No 'gotcha' changes to the Petroleum Resource Rent Tax

As with every other policy debate, public discussion on the adequacy of the Petroleum Resource Rent Tax (PRRT) has become polarised. Critics argue it’s hopeless at gaining a fair share of the revenue from gas extraction for the community, while industry warns that any change whatsoever would frighten off future exploration and development. As usual, the truth lies somewhere between the extremes. The policy challenge is to find a middle path. More than three decades after the Hawke government’s introduction of the PRRT, some modifications to the tax are worthy of consideration.

But first to some guiding principles. As the resource owners, the community is entitled to a share of any resource rents from gas extraction; that is, the profits in excess of the returns needed to attract exploration for and development of gas reserves.

It follows that taxes that kick in before a project has achieved those returns can deter exploration and development, leaving the resource in the ground for the benefit of nobody other than opponents of all fossil fuels.

Next, chopping and changing the tax system at whim after huge investments have been sunk might seem clever, but can greatly add to sovereign risk, making investors wary about committing to future exploration in the country.  That said, where the potential profits are large, companies have consistently been willing to accommodate enormous investment risk in countries like Nigeria, Russia and some Latin American countries, where rule changes and resource nationalisation post-investment have been common.

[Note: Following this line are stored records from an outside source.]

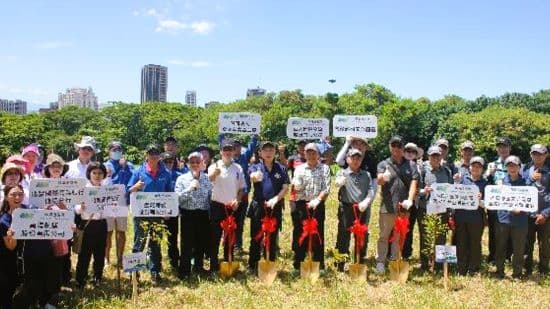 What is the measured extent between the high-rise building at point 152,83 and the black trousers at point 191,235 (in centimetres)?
18306

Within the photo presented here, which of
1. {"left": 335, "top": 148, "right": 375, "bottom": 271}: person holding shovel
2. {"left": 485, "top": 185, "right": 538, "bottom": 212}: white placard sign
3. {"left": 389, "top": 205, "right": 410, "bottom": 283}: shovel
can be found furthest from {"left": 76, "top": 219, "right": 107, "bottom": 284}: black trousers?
{"left": 485, "top": 185, "right": 538, "bottom": 212}: white placard sign

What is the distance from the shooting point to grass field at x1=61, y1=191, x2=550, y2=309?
6.76m

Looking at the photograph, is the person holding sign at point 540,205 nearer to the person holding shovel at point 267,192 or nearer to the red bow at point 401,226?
the red bow at point 401,226

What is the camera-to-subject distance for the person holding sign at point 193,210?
24.7 feet

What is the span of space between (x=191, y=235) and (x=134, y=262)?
117cm

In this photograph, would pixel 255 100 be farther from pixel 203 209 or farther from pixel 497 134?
pixel 203 209

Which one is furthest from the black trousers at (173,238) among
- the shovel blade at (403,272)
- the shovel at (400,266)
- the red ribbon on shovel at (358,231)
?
the shovel blade at (403,272)

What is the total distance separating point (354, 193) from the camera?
793 centimetres

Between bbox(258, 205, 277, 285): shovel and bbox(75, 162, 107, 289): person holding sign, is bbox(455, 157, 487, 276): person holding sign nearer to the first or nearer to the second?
bbox(258, 205, 277, 285): shovel

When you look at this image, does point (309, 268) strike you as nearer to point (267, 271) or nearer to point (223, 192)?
point (267, 271)

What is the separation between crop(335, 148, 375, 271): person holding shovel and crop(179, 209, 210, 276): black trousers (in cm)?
231

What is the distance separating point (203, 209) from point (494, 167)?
215 inches

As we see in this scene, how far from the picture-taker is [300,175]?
26.0ft

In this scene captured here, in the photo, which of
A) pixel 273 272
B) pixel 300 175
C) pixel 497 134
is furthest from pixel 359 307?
pixel 497 134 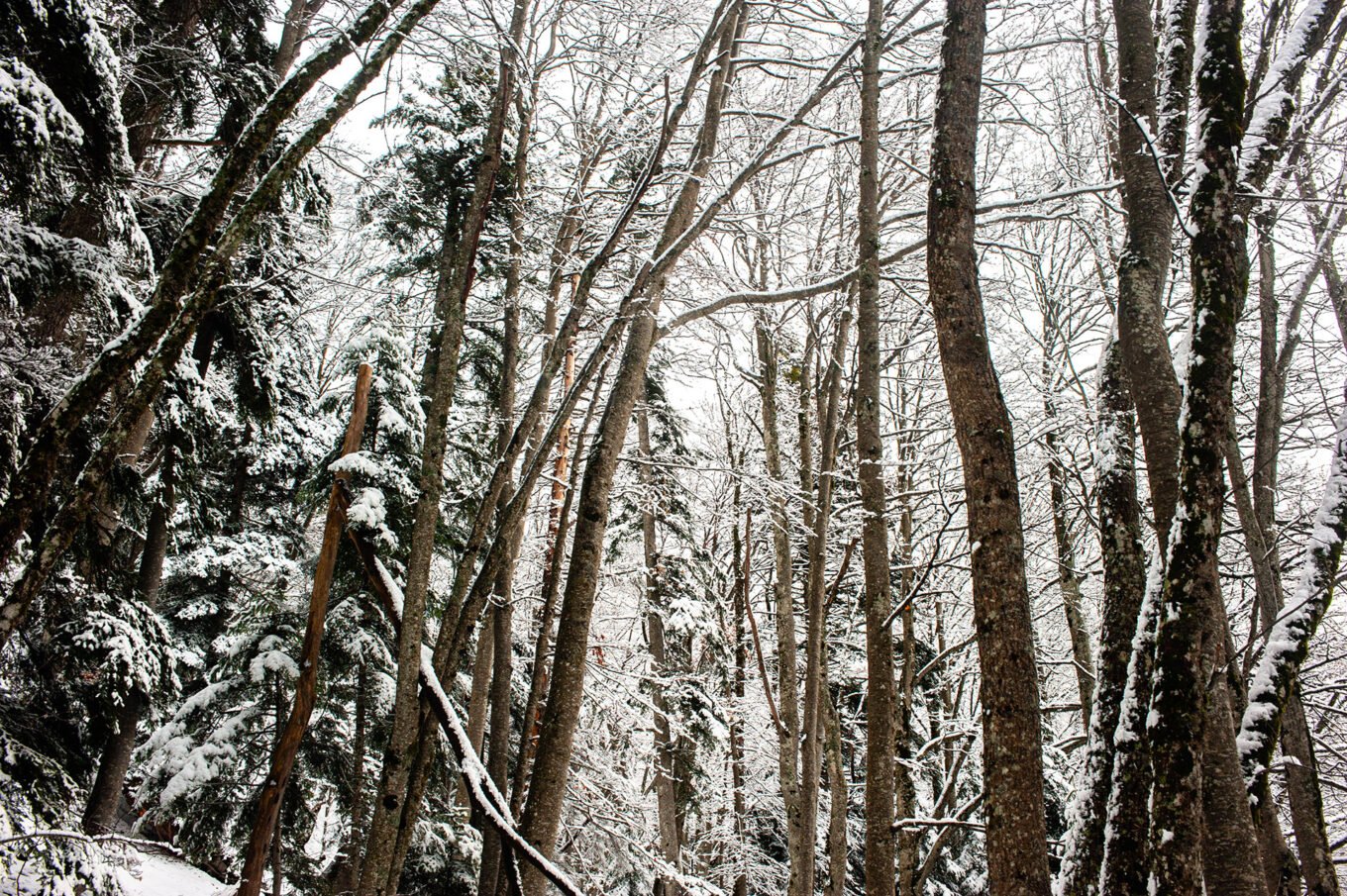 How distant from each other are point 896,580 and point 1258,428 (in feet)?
27.0

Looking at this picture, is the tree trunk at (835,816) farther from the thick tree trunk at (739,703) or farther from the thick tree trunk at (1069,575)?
the thick tree trunk at (1069,575)

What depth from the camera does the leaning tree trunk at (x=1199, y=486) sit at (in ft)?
7.73

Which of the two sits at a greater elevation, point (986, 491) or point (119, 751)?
point (986, 491)

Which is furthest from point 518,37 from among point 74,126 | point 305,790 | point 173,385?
point 305,790

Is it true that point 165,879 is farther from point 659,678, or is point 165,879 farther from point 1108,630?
point 1108,630

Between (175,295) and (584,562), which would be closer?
(175,295)

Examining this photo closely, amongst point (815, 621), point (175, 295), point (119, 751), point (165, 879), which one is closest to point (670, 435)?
point (815, 621)

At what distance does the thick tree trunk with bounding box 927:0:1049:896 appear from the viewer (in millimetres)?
2604

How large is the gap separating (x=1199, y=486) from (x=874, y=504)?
2.82 meters

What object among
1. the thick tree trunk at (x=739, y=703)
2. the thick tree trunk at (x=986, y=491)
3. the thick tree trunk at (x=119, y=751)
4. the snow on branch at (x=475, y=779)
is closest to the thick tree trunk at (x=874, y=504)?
the thick tree trunk at (x=986, y=491)

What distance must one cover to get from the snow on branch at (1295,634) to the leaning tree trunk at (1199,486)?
5.57ft

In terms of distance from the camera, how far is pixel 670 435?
13.5m

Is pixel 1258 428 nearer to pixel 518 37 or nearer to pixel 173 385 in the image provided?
pixel 518 37

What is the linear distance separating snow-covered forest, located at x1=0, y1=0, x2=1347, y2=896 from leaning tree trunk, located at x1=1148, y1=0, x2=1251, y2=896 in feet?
0.05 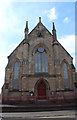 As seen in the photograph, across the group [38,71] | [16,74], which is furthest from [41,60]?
[16,74]

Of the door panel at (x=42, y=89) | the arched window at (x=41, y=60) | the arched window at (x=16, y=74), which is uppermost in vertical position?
the arched window at (x=41, y=60)

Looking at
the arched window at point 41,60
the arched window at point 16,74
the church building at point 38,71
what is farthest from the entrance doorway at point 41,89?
the arched window at point 16,74

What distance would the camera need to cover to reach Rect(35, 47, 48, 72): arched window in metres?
19.9

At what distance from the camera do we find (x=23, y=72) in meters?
18.5

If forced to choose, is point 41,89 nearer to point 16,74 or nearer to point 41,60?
point 16,74

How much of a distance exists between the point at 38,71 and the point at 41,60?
2.40 meters

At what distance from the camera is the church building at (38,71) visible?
17.6 m

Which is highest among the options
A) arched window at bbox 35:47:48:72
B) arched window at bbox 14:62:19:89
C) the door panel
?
arched window at bbox 35:47:48:72

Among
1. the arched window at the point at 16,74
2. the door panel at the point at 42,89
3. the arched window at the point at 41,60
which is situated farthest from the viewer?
the arched window at the point at 41,60

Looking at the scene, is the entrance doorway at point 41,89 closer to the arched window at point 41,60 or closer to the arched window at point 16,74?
the arched window at point 41,60

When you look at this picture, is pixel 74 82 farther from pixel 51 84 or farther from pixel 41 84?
pixel 41 84

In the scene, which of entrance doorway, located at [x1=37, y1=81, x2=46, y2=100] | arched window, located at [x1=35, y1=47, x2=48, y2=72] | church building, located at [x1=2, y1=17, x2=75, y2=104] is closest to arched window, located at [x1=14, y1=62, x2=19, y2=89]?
church building, located at [x1=2, y1=17, x2=75, y2=104]

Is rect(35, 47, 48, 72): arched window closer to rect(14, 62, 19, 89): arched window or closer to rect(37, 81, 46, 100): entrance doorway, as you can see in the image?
rect(37, 81, 46, 100): entrance doorway

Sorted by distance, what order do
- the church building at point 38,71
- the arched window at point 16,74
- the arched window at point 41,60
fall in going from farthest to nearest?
1. the arched window at point 41,60
2. the arched window at point 16,74
3. the church building at point 38,71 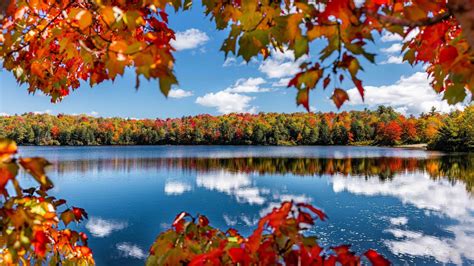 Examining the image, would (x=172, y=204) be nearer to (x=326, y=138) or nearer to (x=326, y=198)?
(x=326, y=198)

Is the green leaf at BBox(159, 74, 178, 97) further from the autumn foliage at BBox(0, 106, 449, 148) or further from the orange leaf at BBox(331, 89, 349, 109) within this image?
the autumn foliage at BBox(0, 106, 449, 148)

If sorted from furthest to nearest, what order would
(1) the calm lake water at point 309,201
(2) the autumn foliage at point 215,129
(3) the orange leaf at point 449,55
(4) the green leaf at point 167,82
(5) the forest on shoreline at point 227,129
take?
(2) the autumn foliage at point 215,129 → (5) the forest on shoreline at point 227,129 → (1) the calm lake water at point 309,201 → (3) the orange leaf at point 449,55 → (4) the green leaf at point 167,82

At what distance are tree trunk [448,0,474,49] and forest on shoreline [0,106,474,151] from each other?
104 metres

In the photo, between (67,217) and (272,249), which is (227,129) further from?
(272,249)

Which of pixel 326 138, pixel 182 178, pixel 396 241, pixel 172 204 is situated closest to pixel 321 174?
pixel 182 178

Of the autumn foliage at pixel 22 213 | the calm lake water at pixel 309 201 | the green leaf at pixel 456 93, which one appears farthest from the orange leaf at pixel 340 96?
the calm lake water at pixel 309 201

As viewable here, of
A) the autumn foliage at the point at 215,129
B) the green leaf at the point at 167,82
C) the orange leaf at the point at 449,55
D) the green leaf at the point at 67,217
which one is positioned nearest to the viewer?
the green leaf at the point at 167,82

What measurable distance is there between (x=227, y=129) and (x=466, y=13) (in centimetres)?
11519

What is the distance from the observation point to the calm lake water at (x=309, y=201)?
→ 13346 millimetres

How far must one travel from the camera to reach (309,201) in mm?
20375

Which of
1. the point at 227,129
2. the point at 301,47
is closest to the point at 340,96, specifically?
the point at 301,47

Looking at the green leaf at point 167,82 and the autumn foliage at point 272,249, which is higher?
the green leaf at point 167,82

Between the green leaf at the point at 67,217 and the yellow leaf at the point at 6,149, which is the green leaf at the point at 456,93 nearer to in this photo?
the yellow leaf at the point at 6,149

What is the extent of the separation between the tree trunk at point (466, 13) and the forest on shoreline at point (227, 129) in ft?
342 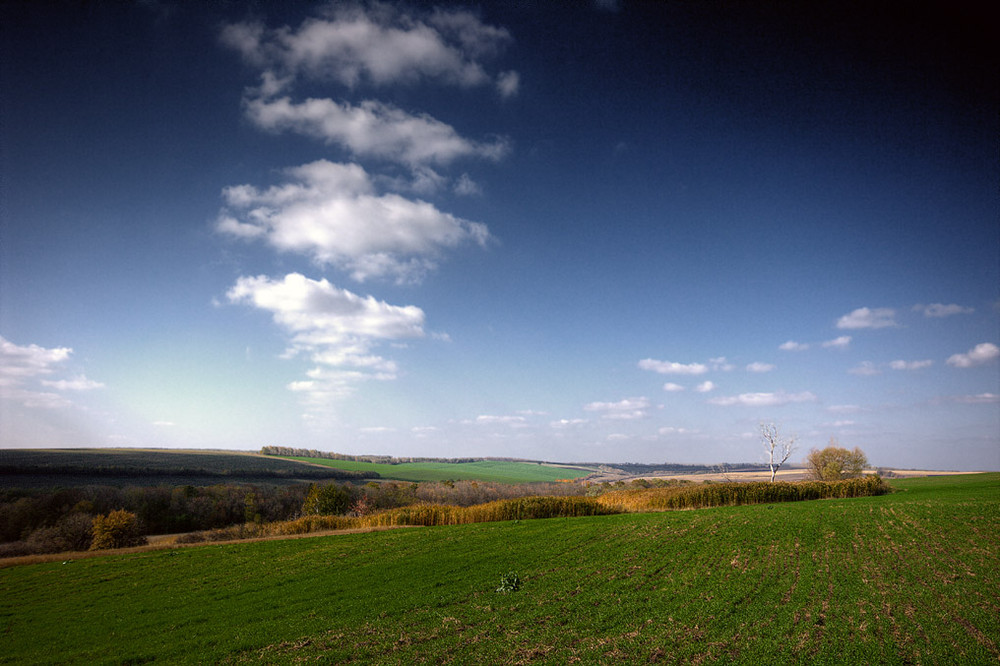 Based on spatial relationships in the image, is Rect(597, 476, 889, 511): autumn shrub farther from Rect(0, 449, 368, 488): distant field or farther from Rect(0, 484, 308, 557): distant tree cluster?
Rect(0, 449, 368, 488): distant field

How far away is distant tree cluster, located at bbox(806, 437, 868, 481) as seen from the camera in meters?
80.8

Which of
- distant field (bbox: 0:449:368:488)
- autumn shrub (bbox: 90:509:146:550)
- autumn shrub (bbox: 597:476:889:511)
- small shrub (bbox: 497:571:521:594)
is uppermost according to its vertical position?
small shrub (bbox: 497:571:521:594)

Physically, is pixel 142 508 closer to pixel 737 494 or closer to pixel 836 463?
pixel 737 494

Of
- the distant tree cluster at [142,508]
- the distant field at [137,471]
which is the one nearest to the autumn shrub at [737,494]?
the distant tree cluster at [142,508]

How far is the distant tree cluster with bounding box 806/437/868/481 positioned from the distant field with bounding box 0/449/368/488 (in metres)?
135

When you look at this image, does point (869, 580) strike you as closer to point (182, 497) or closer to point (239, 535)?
point (239, 535)

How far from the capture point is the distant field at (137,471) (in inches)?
4258

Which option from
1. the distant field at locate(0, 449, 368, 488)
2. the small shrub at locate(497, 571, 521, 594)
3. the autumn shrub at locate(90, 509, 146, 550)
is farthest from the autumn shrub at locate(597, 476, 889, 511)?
the distant field at locate(0, 449, 368, 488)

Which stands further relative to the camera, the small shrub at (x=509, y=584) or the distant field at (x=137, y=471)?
the distant field at (x=137, y=471)

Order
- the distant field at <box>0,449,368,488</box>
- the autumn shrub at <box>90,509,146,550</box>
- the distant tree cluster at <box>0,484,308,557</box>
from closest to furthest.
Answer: the autumn shrub at <box>90,509,146,550</box> → the distant tree cluster at <box>0,484,308,557</box> → the distant field at <box>0,449,368,488</box>

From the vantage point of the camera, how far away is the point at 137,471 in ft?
406

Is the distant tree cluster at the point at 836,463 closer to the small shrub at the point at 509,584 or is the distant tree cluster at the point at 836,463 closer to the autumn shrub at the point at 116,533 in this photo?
the small shrub at the point at 509,584

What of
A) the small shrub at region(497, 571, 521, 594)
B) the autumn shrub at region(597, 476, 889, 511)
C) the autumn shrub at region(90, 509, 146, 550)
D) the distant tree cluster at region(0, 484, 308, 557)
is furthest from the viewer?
the distant tree cluster at region(0, 484, 308, 557)

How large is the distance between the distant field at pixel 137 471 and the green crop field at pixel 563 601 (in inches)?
4183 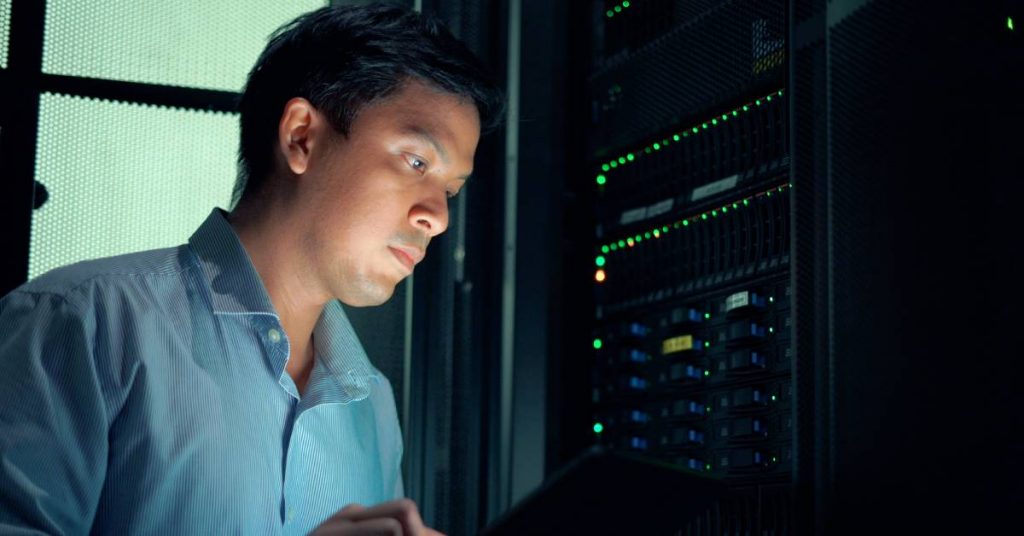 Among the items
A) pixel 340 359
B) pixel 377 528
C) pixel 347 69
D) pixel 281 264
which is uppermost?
pixel 347 69

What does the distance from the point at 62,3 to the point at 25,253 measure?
314 millimetres

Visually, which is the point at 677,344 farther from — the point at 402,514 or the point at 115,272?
the point at 115,272

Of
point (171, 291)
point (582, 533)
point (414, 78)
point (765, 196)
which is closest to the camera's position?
point (582, 533)

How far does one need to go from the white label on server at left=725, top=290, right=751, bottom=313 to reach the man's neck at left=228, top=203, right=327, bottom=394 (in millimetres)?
464

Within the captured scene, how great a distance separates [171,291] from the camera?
1.25m

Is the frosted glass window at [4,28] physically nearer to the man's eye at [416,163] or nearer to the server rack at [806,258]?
the man's eye at [416,163]

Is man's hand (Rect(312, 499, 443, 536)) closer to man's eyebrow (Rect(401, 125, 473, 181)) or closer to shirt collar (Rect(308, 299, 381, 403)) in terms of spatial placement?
shirt collar (Rect(308, 299, 381, 403))

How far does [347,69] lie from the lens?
4.43ft

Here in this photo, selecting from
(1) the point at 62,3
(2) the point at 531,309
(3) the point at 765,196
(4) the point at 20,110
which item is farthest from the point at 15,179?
(3) the point at 765,196

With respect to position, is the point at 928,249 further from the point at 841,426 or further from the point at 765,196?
the point at 765,196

Nevertheless, based on the principles of rent maximisation, rent sharing and stability of fiscal regimes, the PRRT allows exploration costs as a deduction that can be carried forward at an ‘uplift factor’ to be offset against future income. The uplift factor for exploration expenditure is the long-term bond rate plus 15 percentage points. This generous uplift factor is designed to compensate for the high risk of petroleum exploration.

Similarly, capital expenditures on a development project can be carried forward, but at a lesser uplift factor of the bond rate plus 5 percentage points. Cash operating costs are immediately deductible.

Since the PRRT applies to resource extraction, not to its further-stage processing, only expenditures associated with oil or gas extraction – not gas liquefaction or transportation to market – are claimable as costs.

Three changes to the PRRT could be contemplated. First, the 15 percentage-point compensation uplift factor for exploration expenditure was agreed as a compromise with industry in 1984 on the assumption that it was mainly searching for oil in frontier offshore territory, not gas. As much more offshore gas has been discovered over the last 30 years, it could be argued that 15 percentage points is now overly generous. For future exploration, it could be pared back to 5 percentage points to align it with the treatment of development expenditure.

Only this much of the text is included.